For example, pipelines made out of steel suffer from corrosion if the metal is inhomogeneous in composition, e.g. at the welded joints. An electrochemical cell is formed with two different metals in electrical contact and an electrolyte solution: in the case of a pipeline, moisture and salts around the pipe act as the electrolyte. As a result of electrical current flow, the more electronegative metal will gradually be dissolved with the production of positive ions. Since this process is a fundamental property of the materials involved, it cannot be stopped very easily. However, it can be diverted, so that far less valuable metal objects are corroded instead. This is the sacrificail anode: the pipeline is electrically connected at intervals to buried plates of magnesium. Magnesium has a much more negative electrode potential than iron (-2.38V for Magnesium, versus -0.41V for iron: see Table of standard electrode potentials) and so will form the anode (negative electrode ) of the cell.

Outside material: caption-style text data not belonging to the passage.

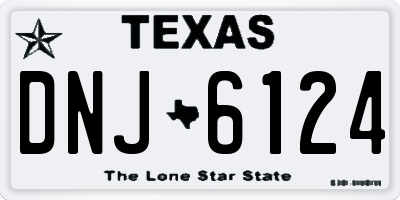 TX license plate DNJ6124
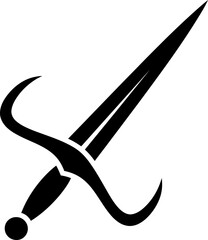 Black sword icon, dagger symbol, medieval weapon, simple warrior blade, knight arm, flat graphic element vector illustration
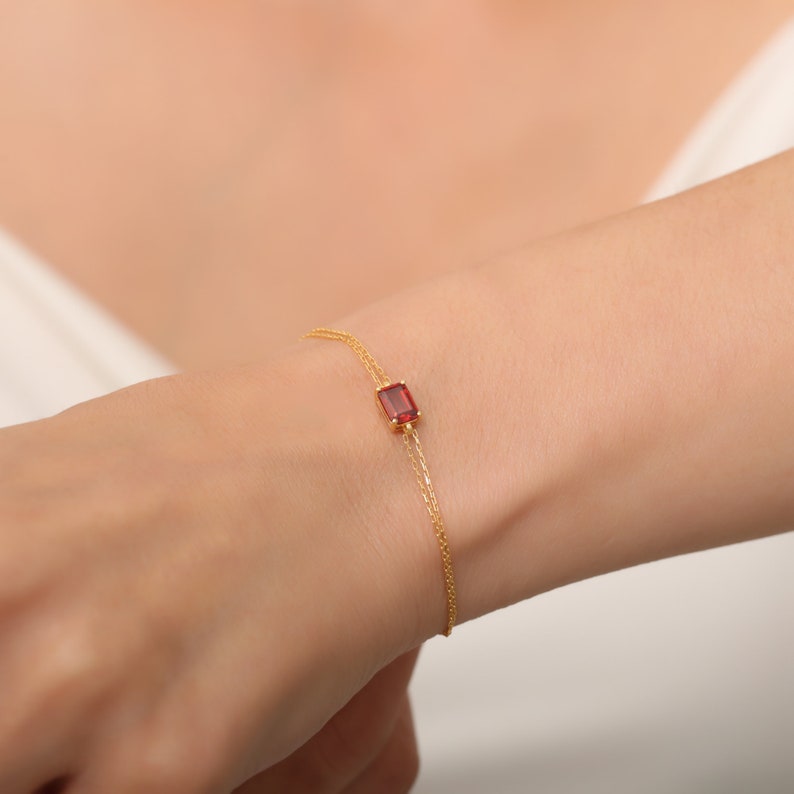 Rectangle Garnet Bracelet 14K Solid Gold, Daint Baguette Garnet Bracelet, January Birthstone, Perfect Gift for Mother's Day Wife image 3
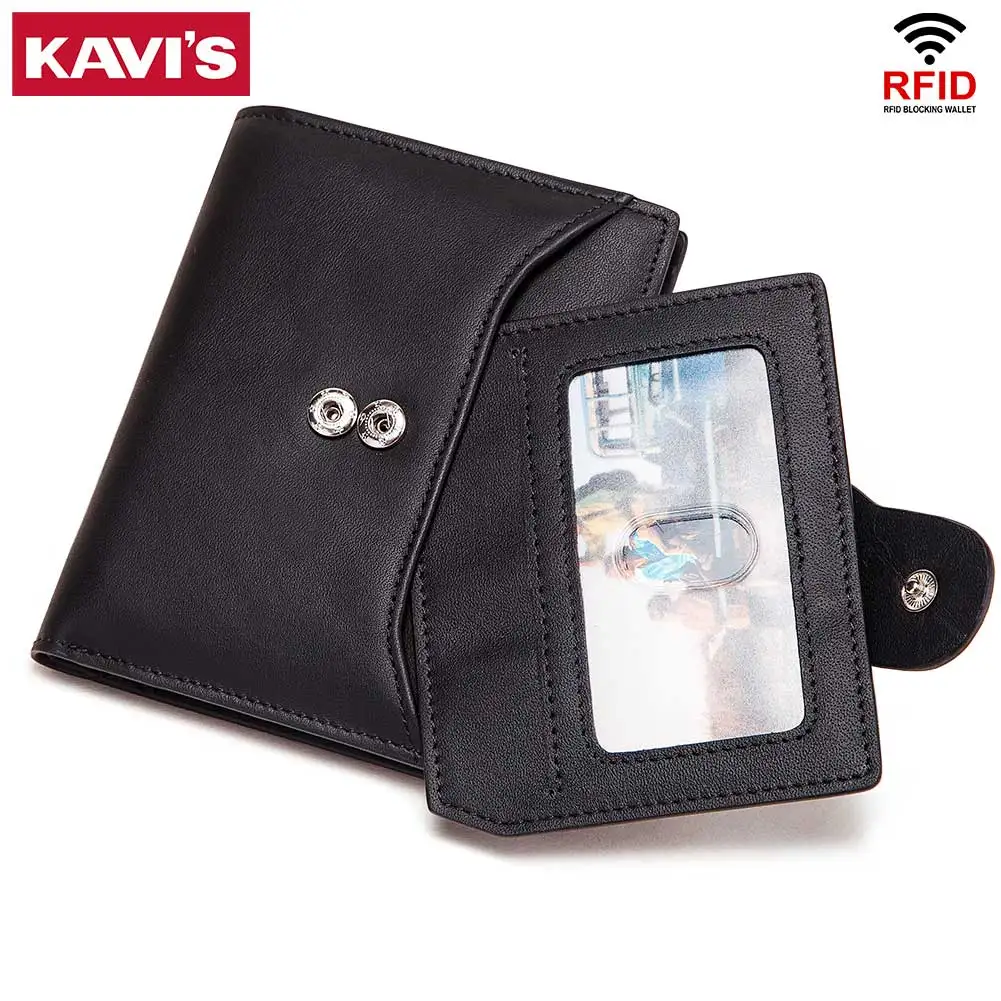

New Short Genuine Cowhide Men's Wallet Travel Fashion Purse RFID Blocking Card Holder For Women With Free Engraving Service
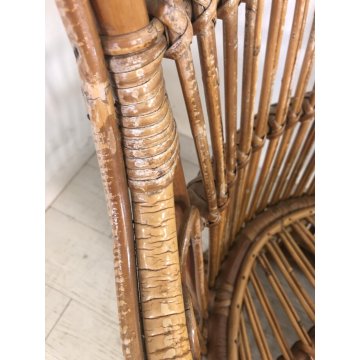 SET GIARDINO 2 POLTRONE TAVOLO RATTAN VIMINI BAMBU ITALIAN DESIGN MIDCENTURY '50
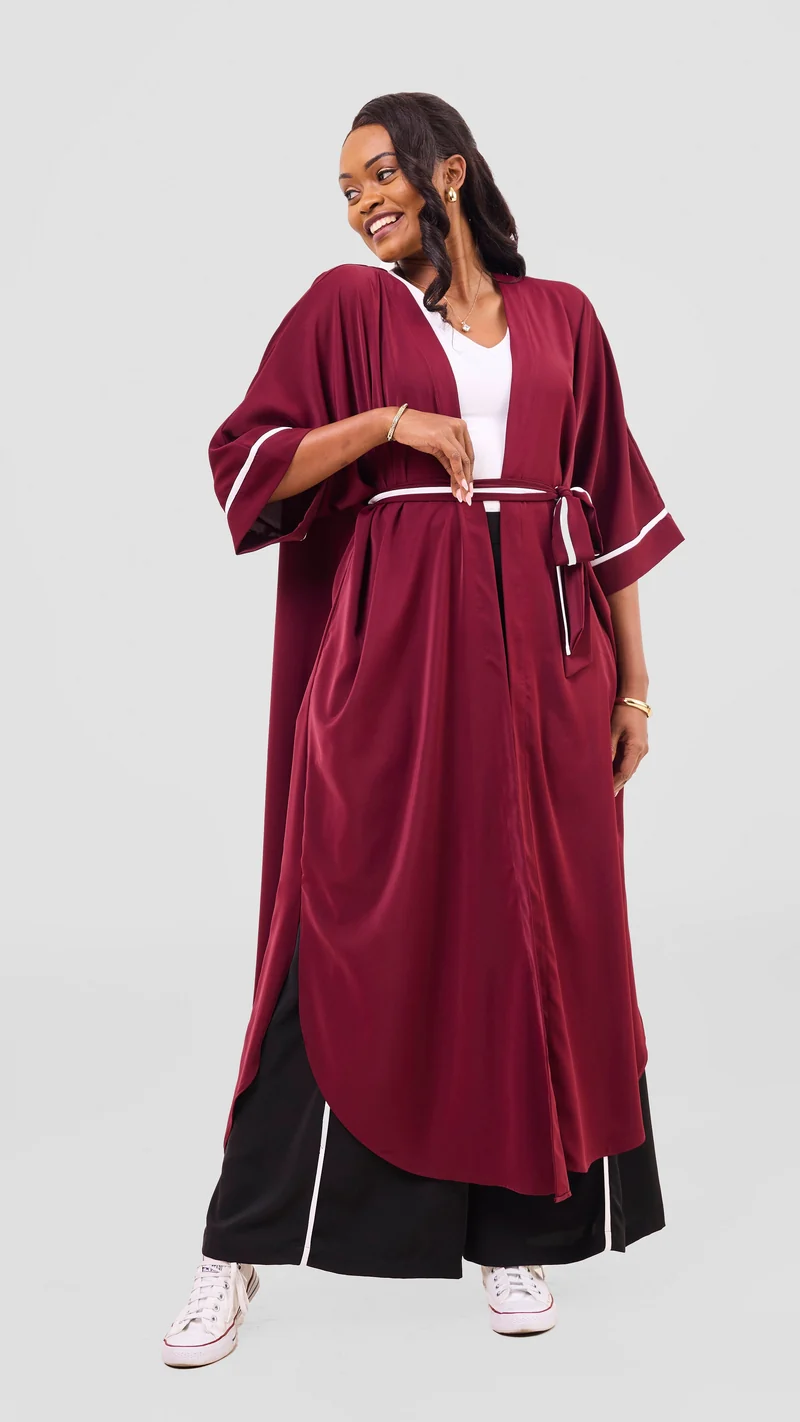 Vivo Nuru Maxi Kimono - Maroon
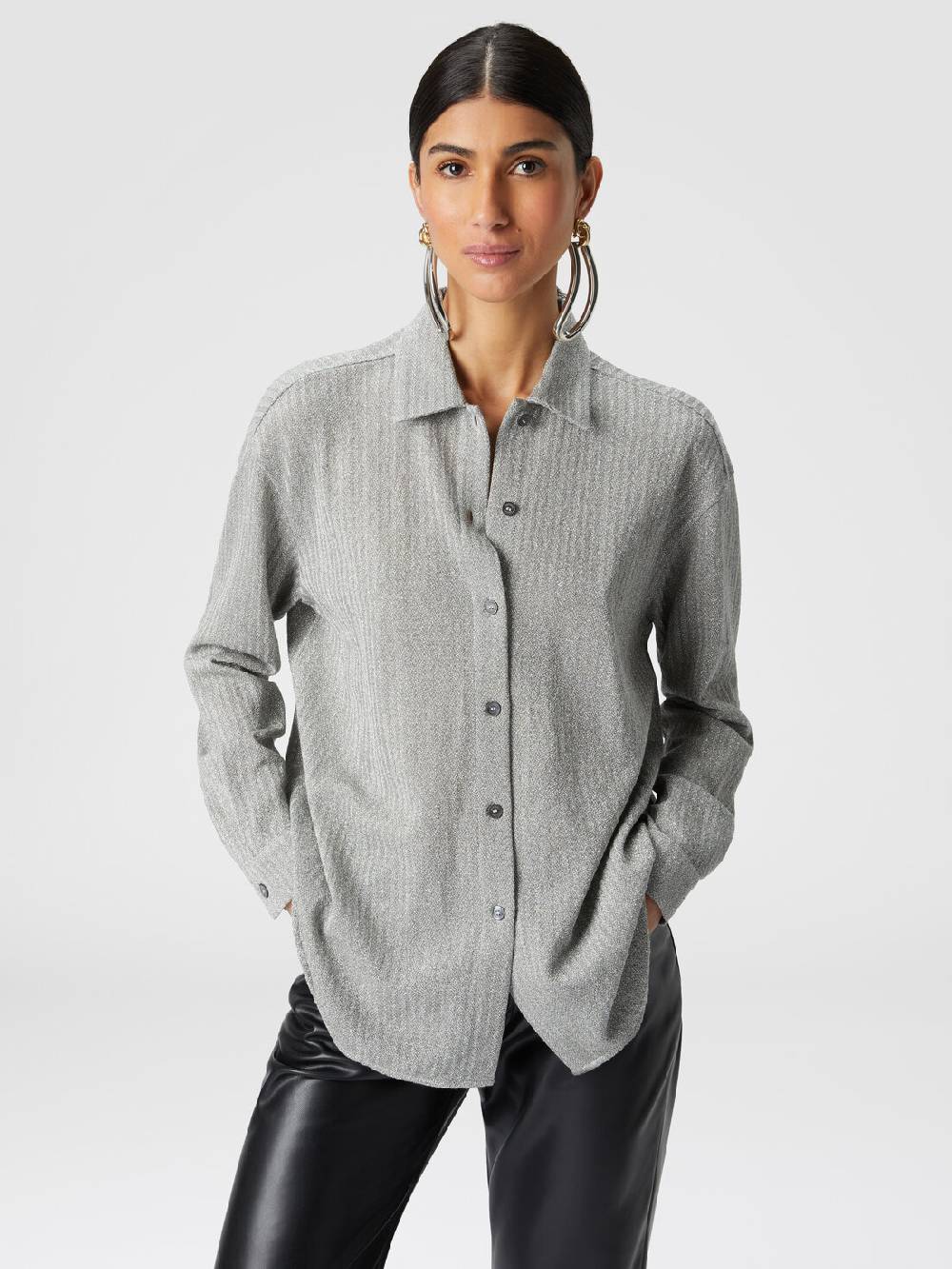Missoni Camicia oversize in cotone e viscosa lamé Vendita Calda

Now the electrochemical corrosion does not take place on the expensive steel pipeline but instead on the cheap magnesium plate, which is slowly transformed into magnesium ions.

Zinc and zinc alloys are often used for sacrificial anodes, for example in salt-water cooled marine engines and on yacht propellers. Galvanization (or galvanising) is the process of coating steel with zinc, which then forms both a protective layer and a sacrificial anode.

In order to retain their effectiveness, sacrificial anodes must be replaced at regular intervals as they are consumed.